Our study has several major strengths. First, this study is based on a true population-based database with full coverage of hospital admissions and prescriptions for PPI or H2RA. It represents the real world situation, and makes our results more generalizable to other settings. Second, the incidence of SBP in North America and most European countries is less than 5/100,000 person-years; therefore, a larger sample size of more than 10 million may be required to reach adequate statistical power. In contrast, the incidence of SBP is around 122/100,000 person-years in this sample, so larger number of case patients and controls can be identified using this database. The large sample size allowed adjustments for all the possible risk factors, and different subgroup analyses. Third, by using the longitudinal database of NHIRD, we can define the interval between the receipt of PPI or H2RA therapy and occurrence of SBP. Thus, allowing duration response analysis.
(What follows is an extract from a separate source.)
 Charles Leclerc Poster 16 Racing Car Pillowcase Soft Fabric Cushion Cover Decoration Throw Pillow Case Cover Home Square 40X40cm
However, this study has several limitations. First, our claim database lacked the microbiological data to confirm SBP cases, and outcome misclassification is possible. However, we felt that our definition of SBP is rather stringent. SBP cases need to have ICD-9-CM codes of SBP plus both the procedure code for paracentasis and the ICD-9-CM codes for prescription of compatible antibiotics. Furthermore, our case definition was validated by a hospital record review, which showed a positive predictive value of 92%. Second, as our study is an observational study, the possibility of residual confounding due to uncontrolled significant cofounders cannot be totally excluded. Third, protopathic bias may play a role in the observed higher risk of SBP in patients taking GASs. Protopathic bias arises when early gastrointestinal symptoms of SBP are the cause of GAS prescription. However, protopathic bias cannot totally explain the observed strong association that persisted for more than 30 days before the SBP diagnosis. A sensitivity analysis that excluded the most recent users (ie, within 7 days of index date) also did not change the effect estimate significantly. Finally, variations in physicians’ practice may also play a role in the observed results.

In conclusion, our study suggests that the use of PPIs or H2RAs is associated with increased risk for SBP, especially in new initiators within 30 days. As a substantial body of literature supports that gastric acid environment is important for human host defense to SBP infection, further validation of this association in multiple populations is warranted. Before such studies are available, gastric acid suppressants should be prescribed cautiously to patients with risk of developing SBP.